Hello, Trevor,
There’s an intriguing meditation here on the long and complex relationship between humans and wheat. I can sense a powerful poem taking shape beneath the surface of these musings.
That said, I think the poem might benefit from a bit more focus, fewer generalities, and some reorganization. At times, it feels like it's skating over big ideas without anchoring them in specific, vivid moments. The closing stanza, for example, is conceptually interesting, but it leans toward telling rather than showing.
Just to illustrate the kind of tightening and reordering that might help clarify the arc, here’s a possible revision sketch based on what’s already here:
Once a slender face in the crowd
of countless stems waltzing in the wind,
a wild grass enamoured farmers
on a modest patch of the Middle East.
Enslaved, they levered weeds from soil,
plucked mucky stones from dead gestation.
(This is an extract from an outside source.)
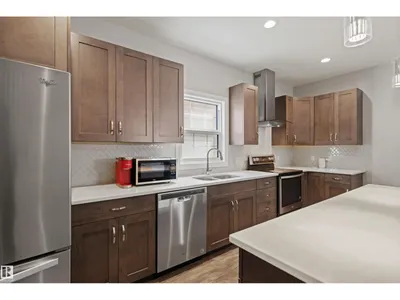 9622 77 AV NW photo 9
Their shallow canals abolished its thirst,
and fences foiled fugitive rabbits.
Inheriting hernias and slipped discs,
the cold crippling of arthritis
punctuated the bones of those
who tended fields until their bodies failed.
They traded a life on foot to settle,
to stay put and roam their meadows,
mastering wheat with baskets and blades,
blind to how it mastered them.
This version aims to foreground the historical progression and ironies more clearly while maintaining your overall voice and tone.
Hope you find something useful heres!